[[ DATA, beginning ]]
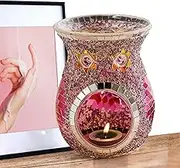Aromatherapy Light Candle Oil Burner Pattern Stained Glass Aromatherapy Lamp Coffee Shop Bar Counter Home Table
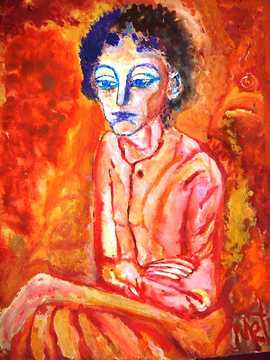 lady in red Acrylic Panel Figure Painting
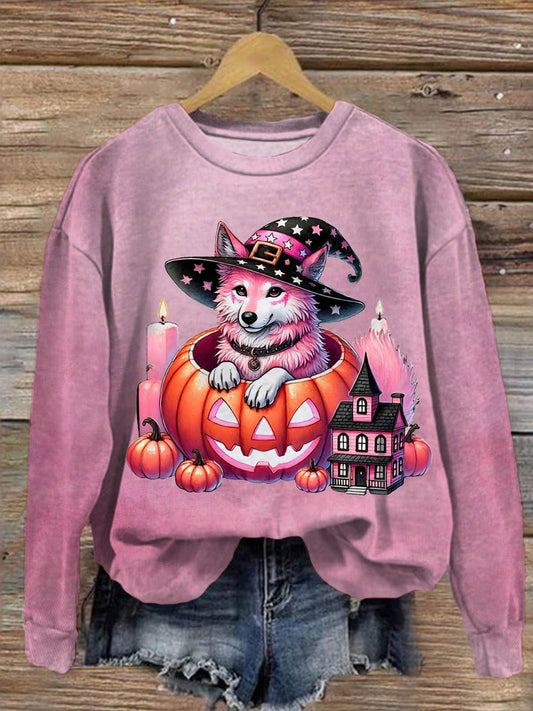 Halloween Dog Round Neck Long Sleeve Top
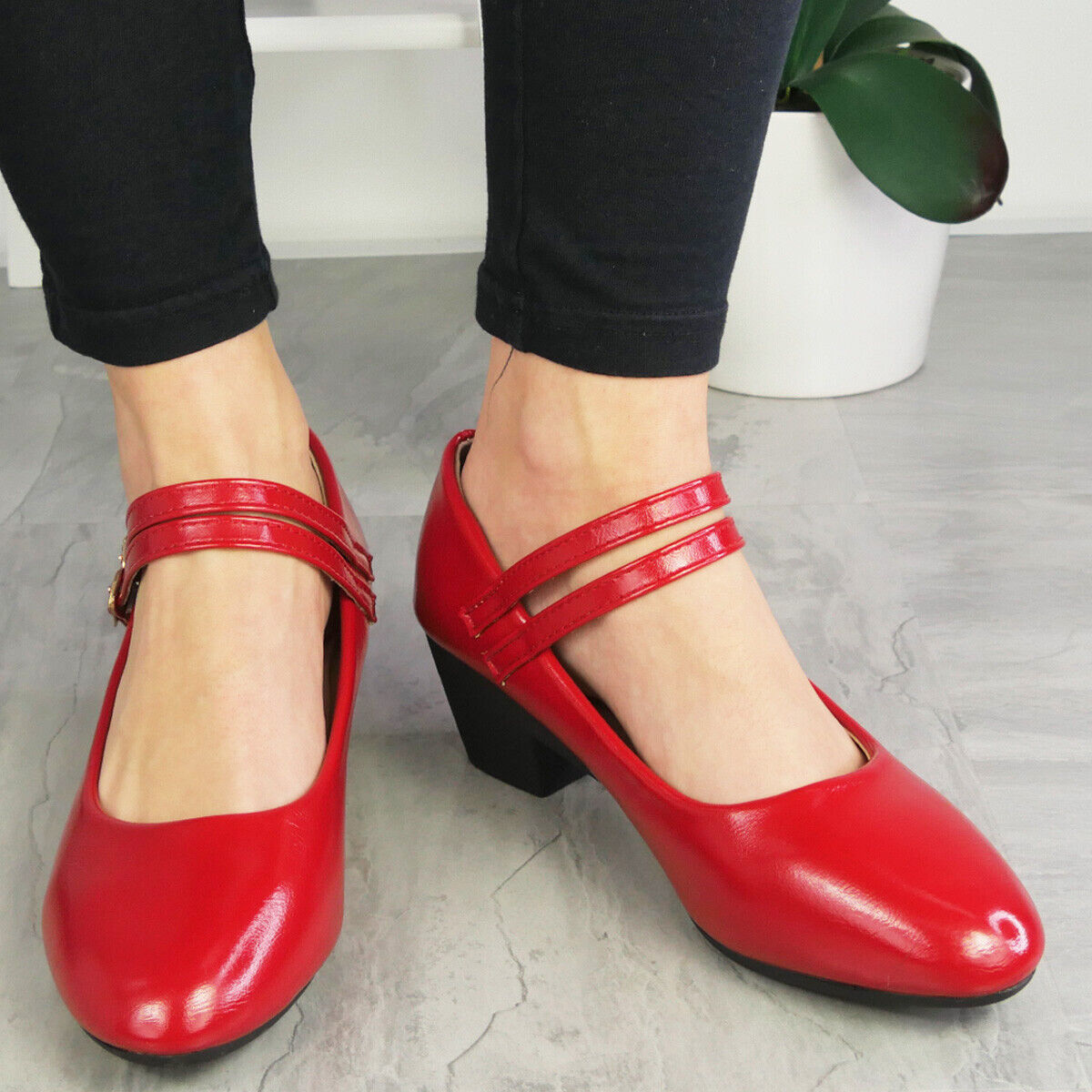 FOSTI Red Dance Court Buckle Heel Work Shoes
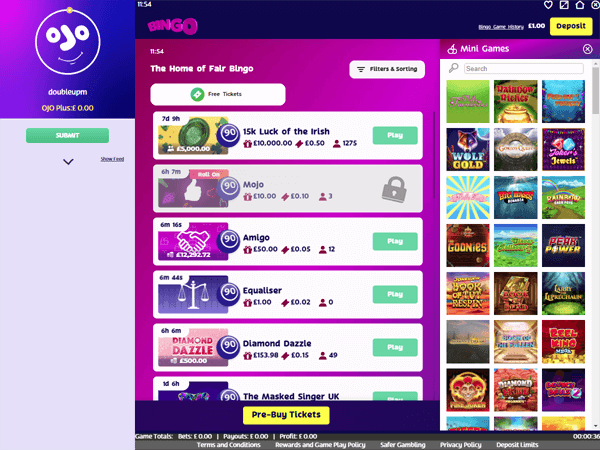 PlayOJO Bingo Desktop Screenshot 2
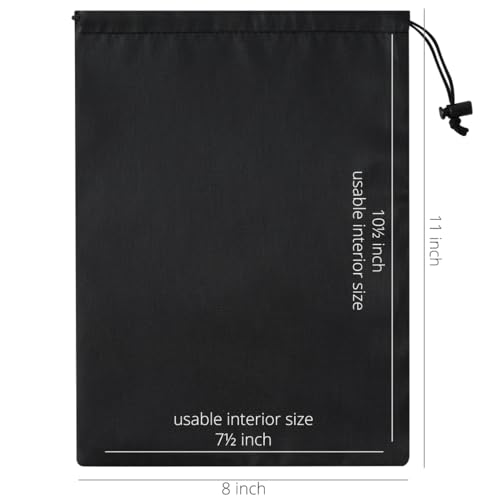 Drawstring Bag with Toggle - Nylon Cinch and Ditty Pouch - Six Pack (Black, 8 x 11 Inch, Set of 6) - color: Black, size: 8 x 11 Inch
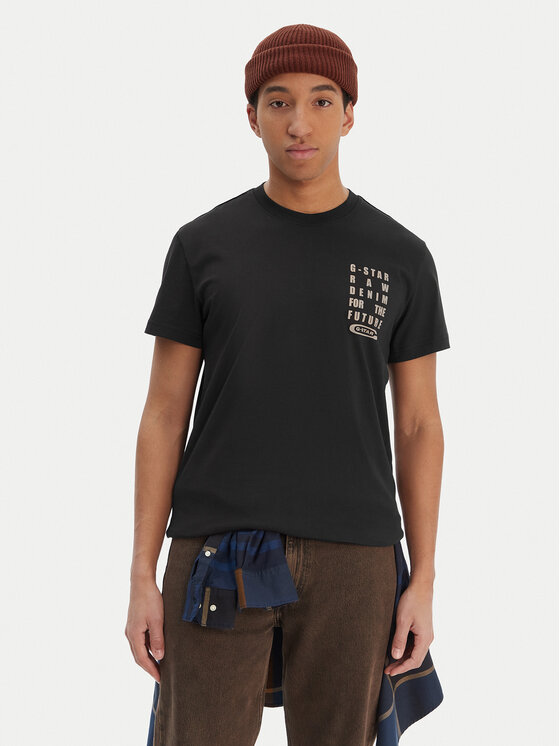 G-Star Raw G-Star Raw Camiseta Text Chest D25968-C506 Negro Regular Fit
[[ DATA, end ]]
**WHAT TO PRODUCE**
All that is needed is the lines from the line holding "FOSTI Red Dance Court Buckle Heel Work Shoes" to the final line of the listing above, repeated exactly, pictures excluded.

**YOUR SOLUTION**
 FOSTI Red Dance Court Buckle Heel Work Shoes
 PlayOJO Bingo Desktop Screenshot 2
 Drawstring Bag with Toggle - Nylon Cinch and Ditty Pouch - Six Pack (Black, 8 x 11 Inch, Set of 6) - color: Black, size: 8 x 11 Inch
 G-Star Raw G-Star Raw Camiseta Text Chest D25968-C506 Negro Regular Fit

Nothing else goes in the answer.